Data records

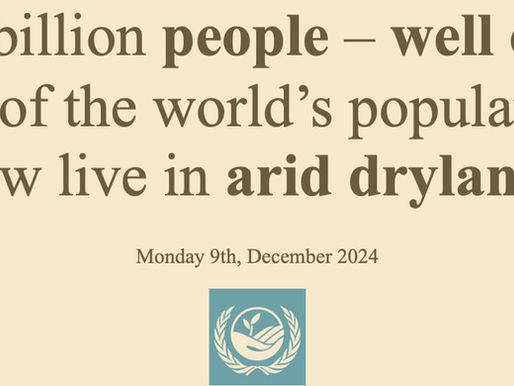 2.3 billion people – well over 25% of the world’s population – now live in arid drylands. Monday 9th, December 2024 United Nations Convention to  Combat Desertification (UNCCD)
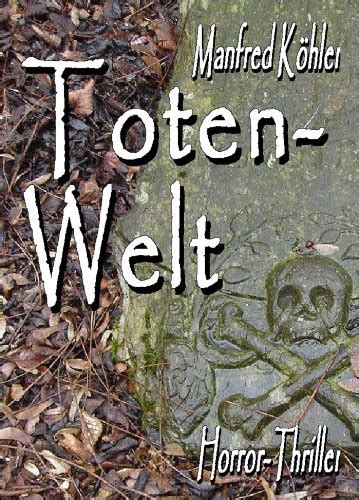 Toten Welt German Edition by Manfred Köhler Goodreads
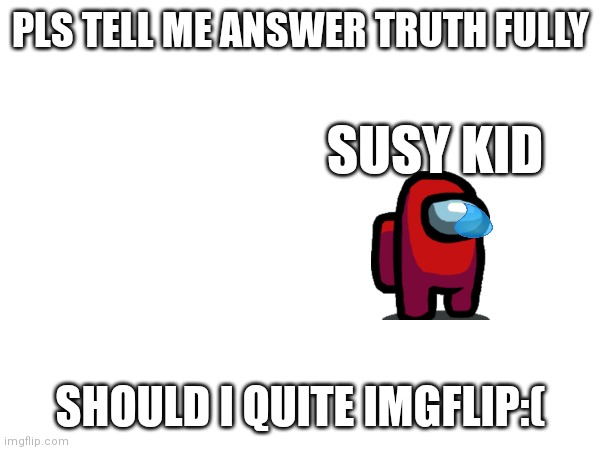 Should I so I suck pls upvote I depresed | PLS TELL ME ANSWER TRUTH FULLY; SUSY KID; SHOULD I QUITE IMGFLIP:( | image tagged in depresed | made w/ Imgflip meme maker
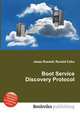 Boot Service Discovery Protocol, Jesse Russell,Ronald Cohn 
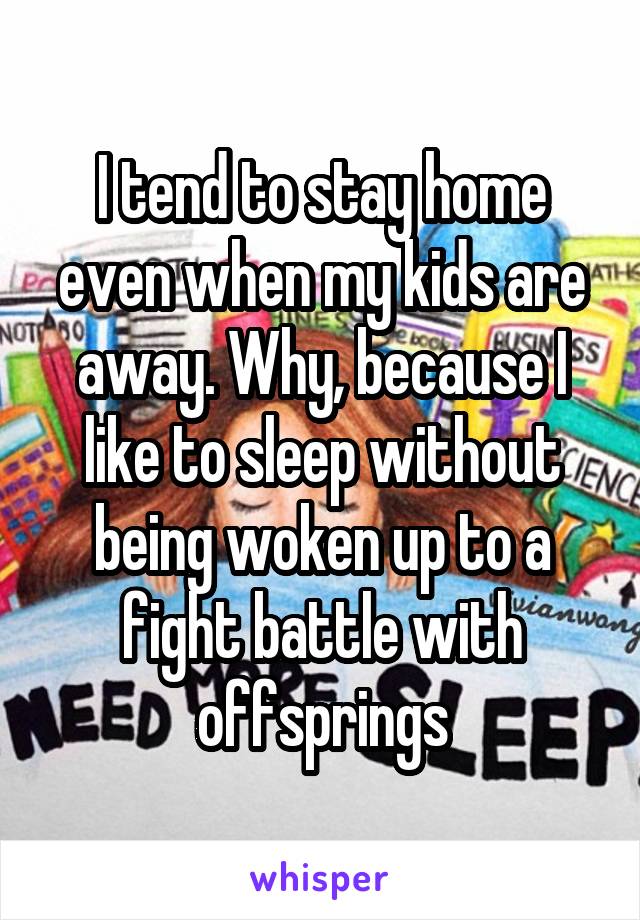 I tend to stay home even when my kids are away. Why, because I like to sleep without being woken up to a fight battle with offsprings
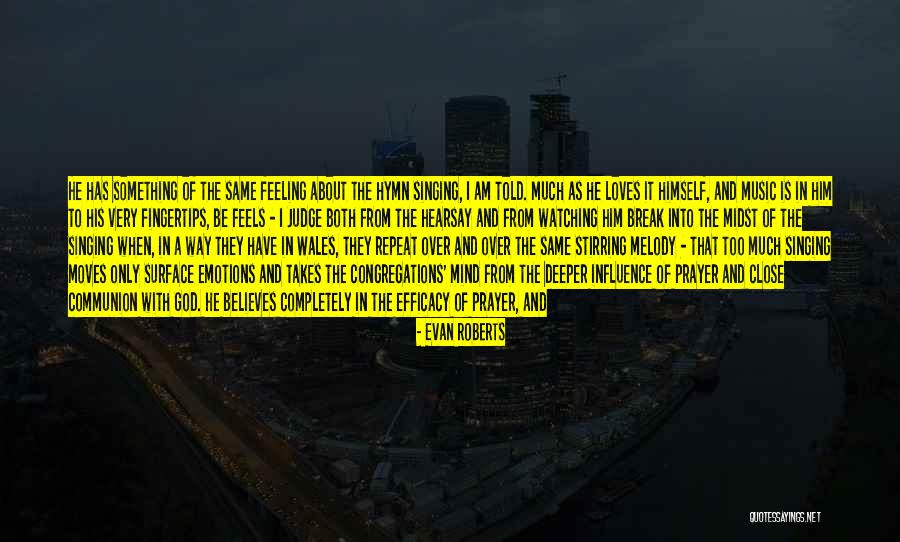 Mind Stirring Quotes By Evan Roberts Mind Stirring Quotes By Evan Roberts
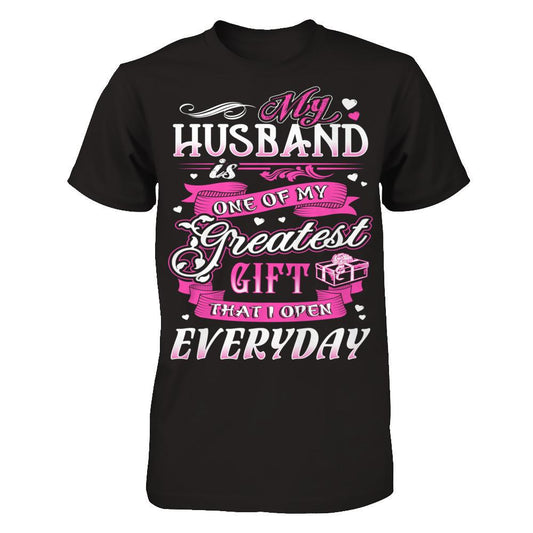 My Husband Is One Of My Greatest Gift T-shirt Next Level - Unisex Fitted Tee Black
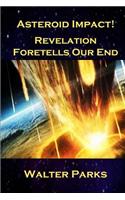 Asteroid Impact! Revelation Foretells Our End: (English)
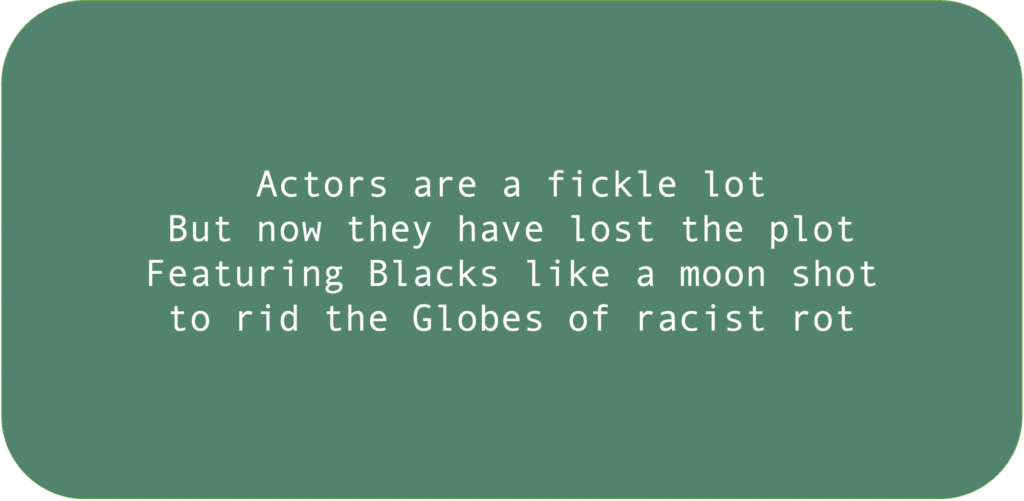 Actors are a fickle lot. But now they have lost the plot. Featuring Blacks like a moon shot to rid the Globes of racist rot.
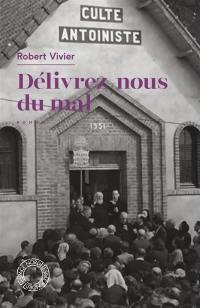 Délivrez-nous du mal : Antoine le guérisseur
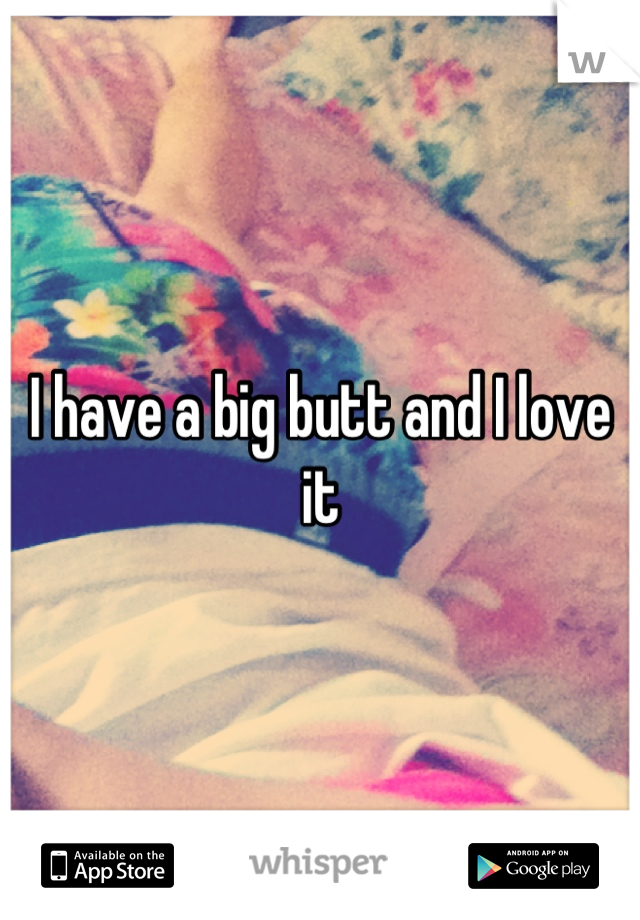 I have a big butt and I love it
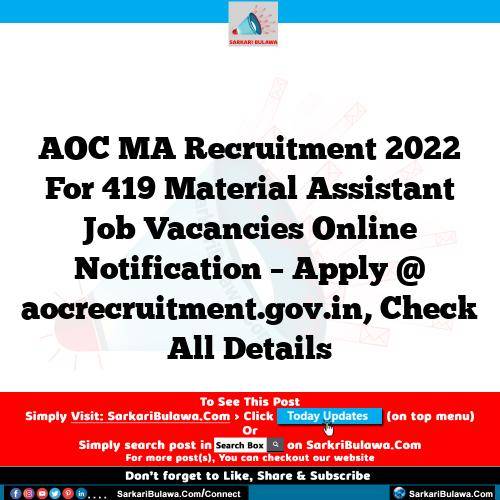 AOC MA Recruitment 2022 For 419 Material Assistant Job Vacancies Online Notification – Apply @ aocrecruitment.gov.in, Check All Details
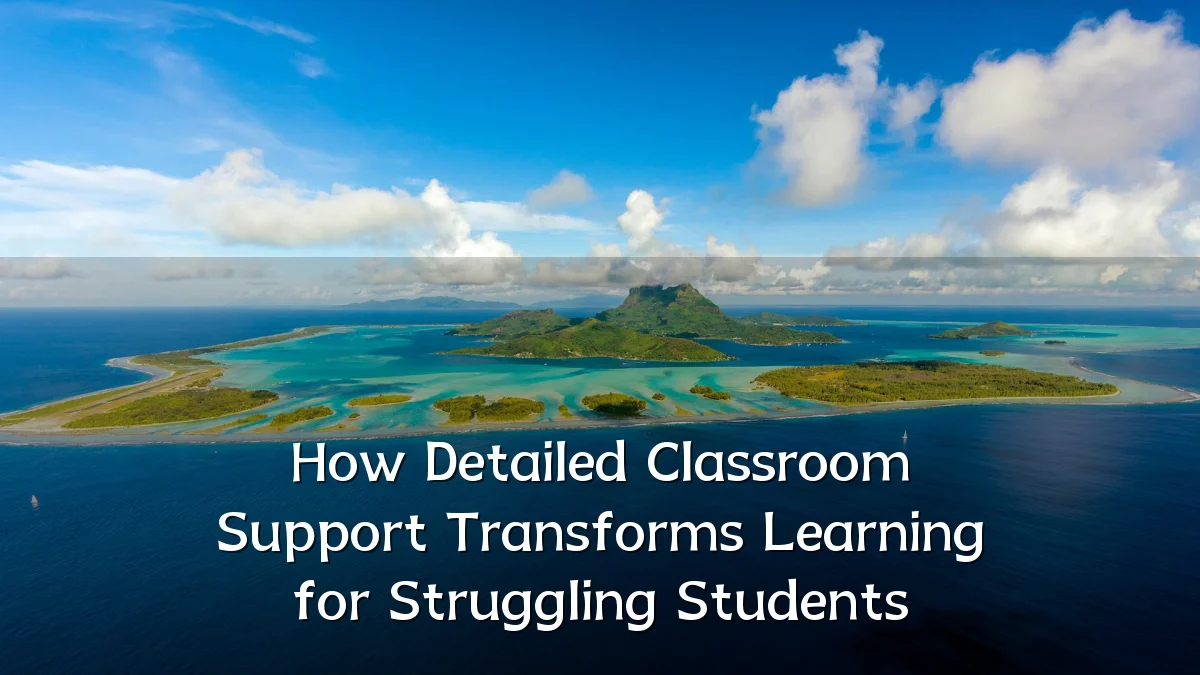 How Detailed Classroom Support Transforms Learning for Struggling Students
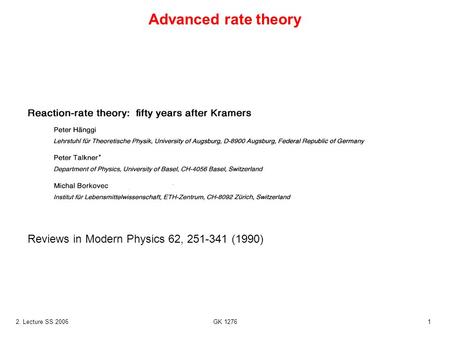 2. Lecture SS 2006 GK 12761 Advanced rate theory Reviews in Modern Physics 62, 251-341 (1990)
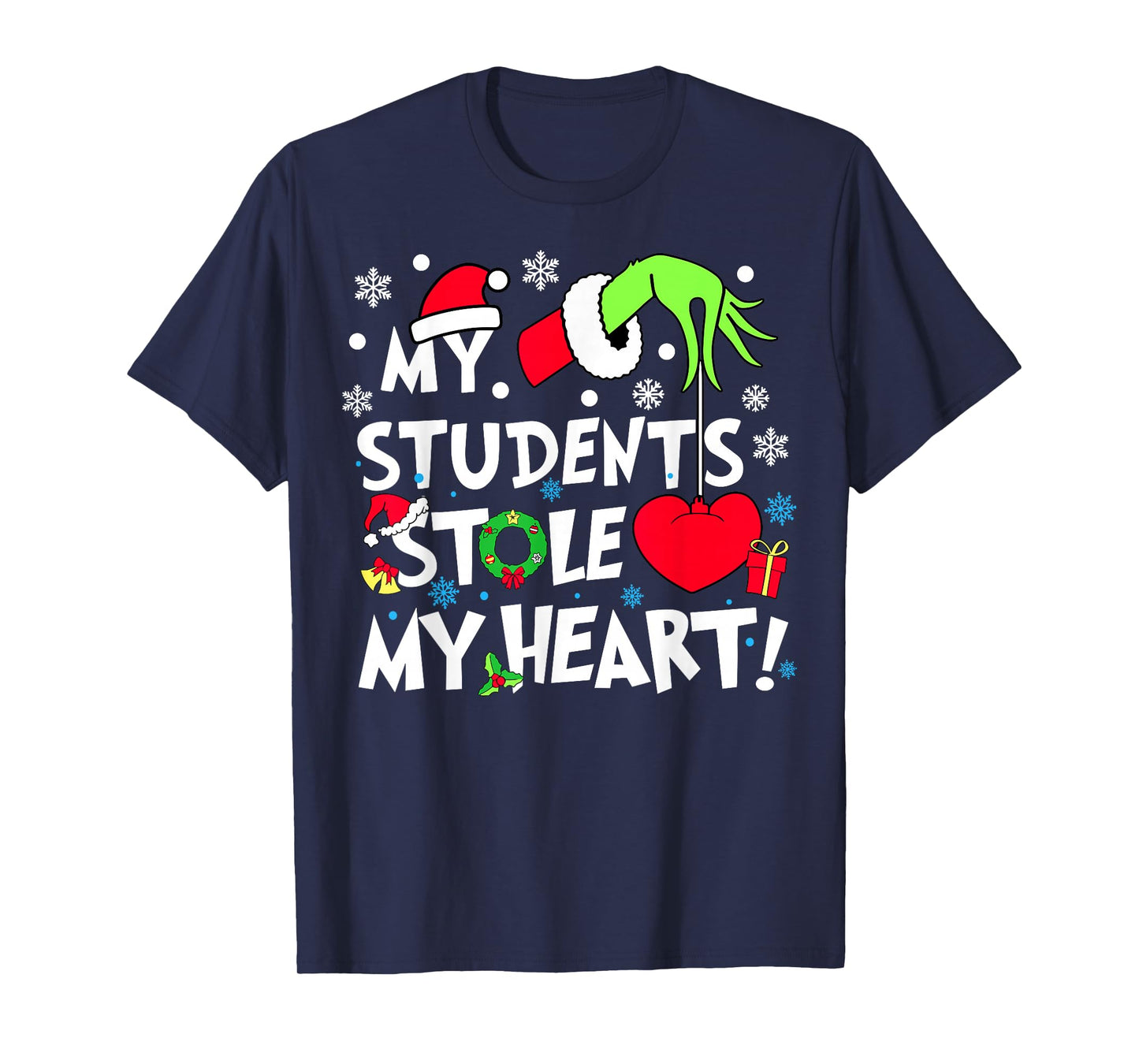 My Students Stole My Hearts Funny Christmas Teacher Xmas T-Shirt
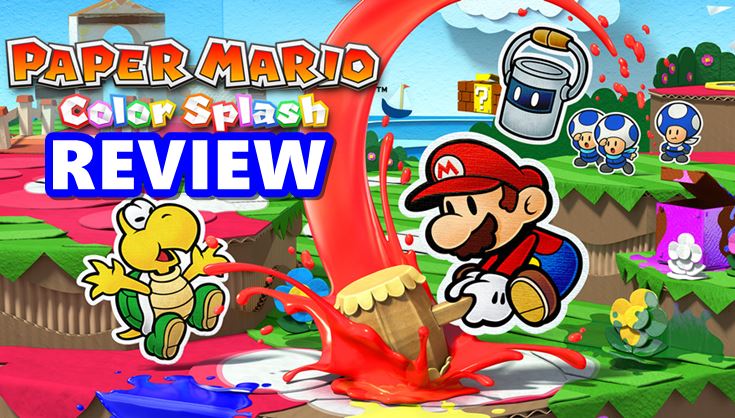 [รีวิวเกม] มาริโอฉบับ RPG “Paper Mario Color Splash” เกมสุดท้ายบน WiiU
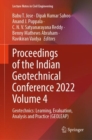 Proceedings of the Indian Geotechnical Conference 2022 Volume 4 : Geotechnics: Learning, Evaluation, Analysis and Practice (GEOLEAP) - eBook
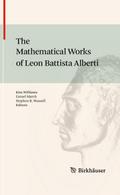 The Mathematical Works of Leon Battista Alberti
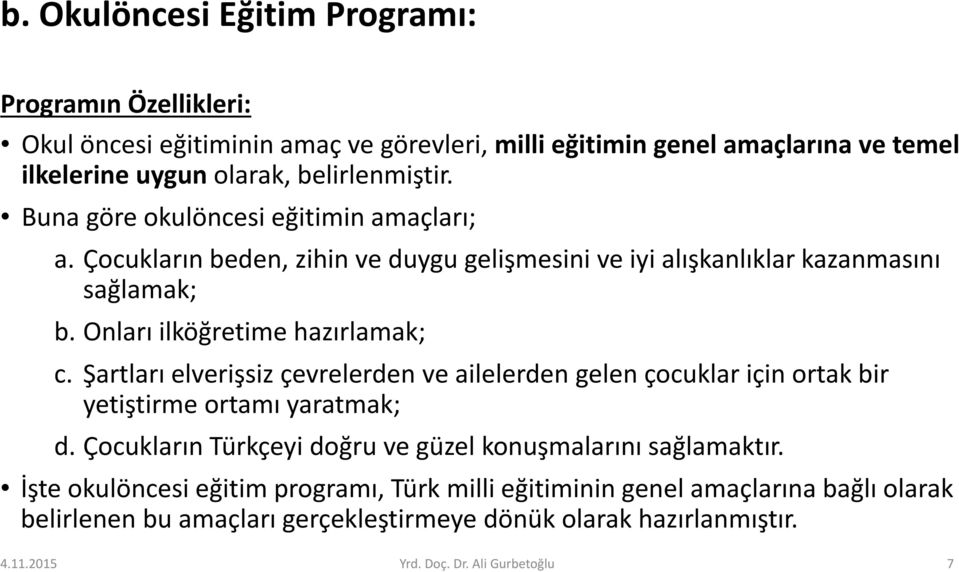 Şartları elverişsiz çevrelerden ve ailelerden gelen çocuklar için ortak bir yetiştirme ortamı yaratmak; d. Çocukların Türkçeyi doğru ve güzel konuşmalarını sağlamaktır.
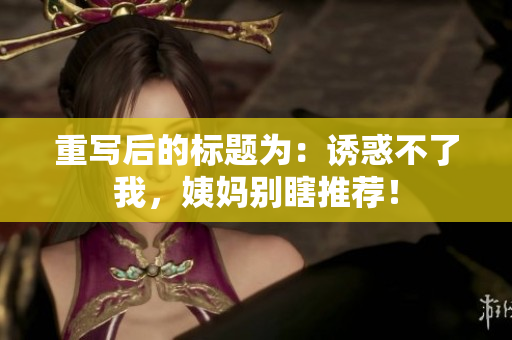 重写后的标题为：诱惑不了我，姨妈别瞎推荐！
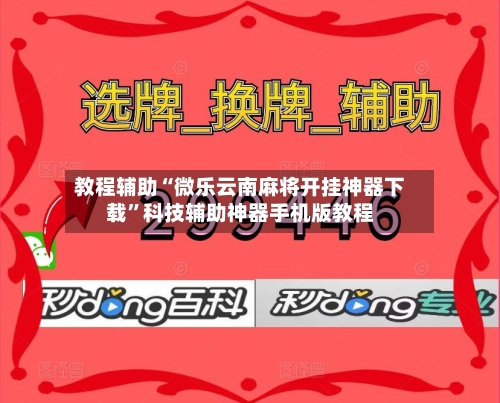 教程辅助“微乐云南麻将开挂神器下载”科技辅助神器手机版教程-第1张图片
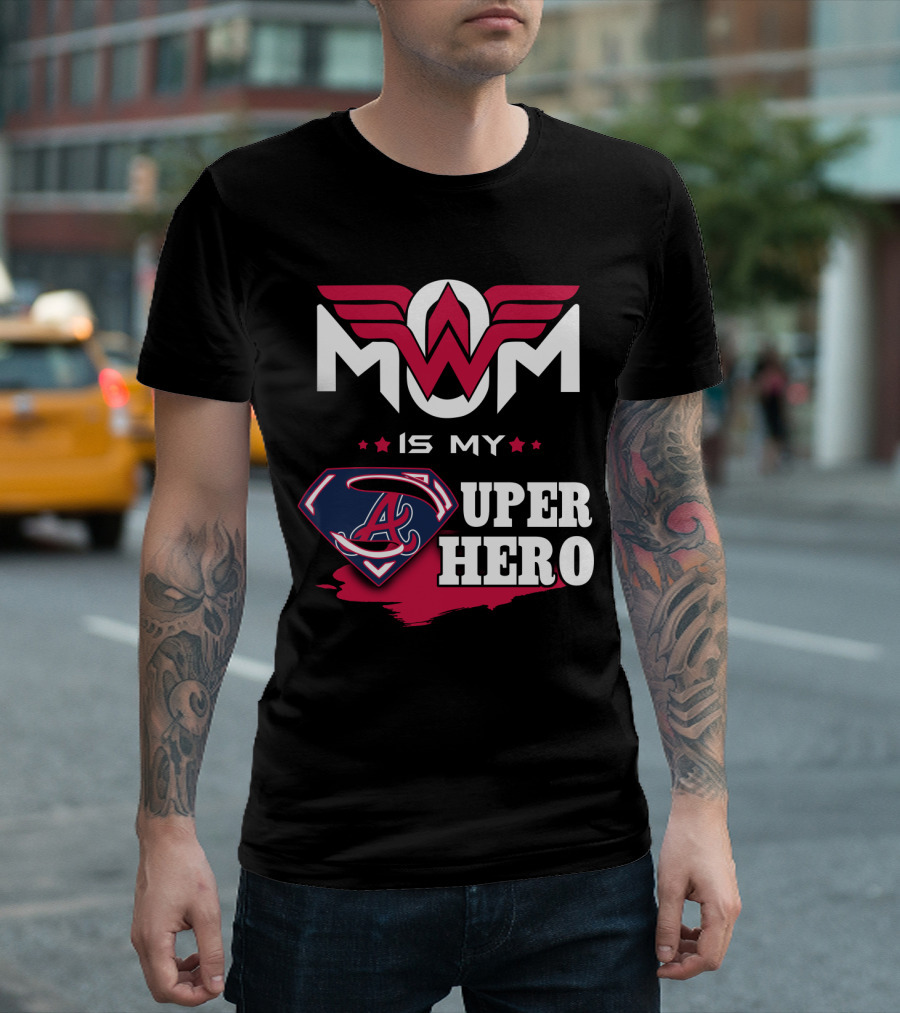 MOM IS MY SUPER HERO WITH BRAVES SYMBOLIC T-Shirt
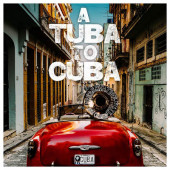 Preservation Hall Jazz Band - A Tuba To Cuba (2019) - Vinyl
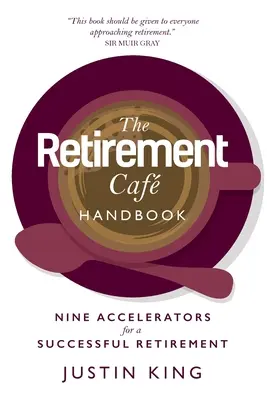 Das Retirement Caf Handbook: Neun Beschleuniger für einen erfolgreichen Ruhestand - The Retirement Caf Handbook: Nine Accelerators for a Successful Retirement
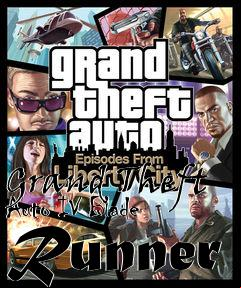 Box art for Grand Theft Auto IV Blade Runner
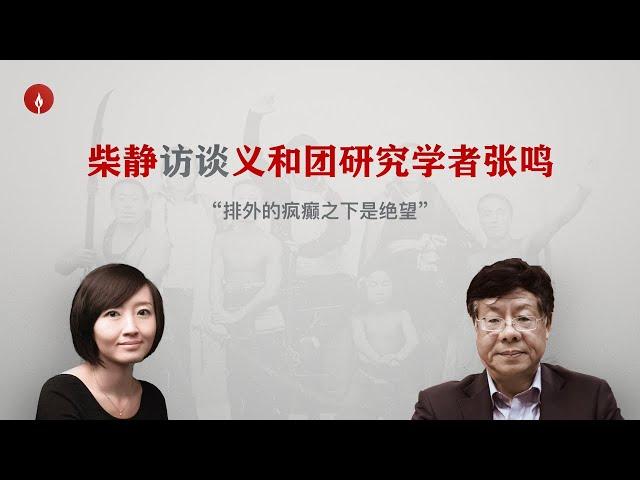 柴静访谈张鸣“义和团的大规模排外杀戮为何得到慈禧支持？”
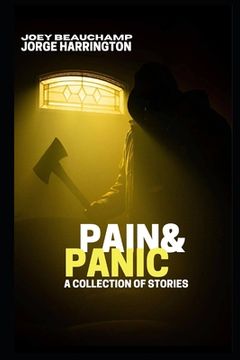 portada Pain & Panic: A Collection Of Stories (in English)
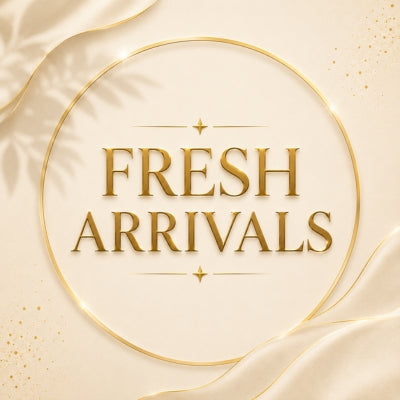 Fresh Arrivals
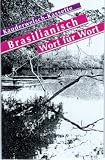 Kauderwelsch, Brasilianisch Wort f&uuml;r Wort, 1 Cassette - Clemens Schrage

What this task involves →
From the line that holds "Preservation Hall Jazz" to the last line of the records, please copy each line exactly and nothing else. Pictures stay out.

Output of the task →
 Preservation Hall Jazz Band - A Tuba To Cuba (2019) - Vinyl
 Das Retirement Caf Handbook: Neun Beschleuniger für einen erfolgreichen Ruhestand - The Retirement Caf Handbook: Nine Accelerators for a Successful Retirement
 Box art for Grand Theft Auto IV Blade Runner
 柴静访谈张鸣“义和团的大规模排外杀戮为何得到慈禧支持？”
 portada Pain & Panic: A Collection Of Stories (in English)
 Fresh Arrivals
 Kauderwelsch, Brasilianisch Wort f&uuml;r Wort, 1 Cassette - Clemens Schrage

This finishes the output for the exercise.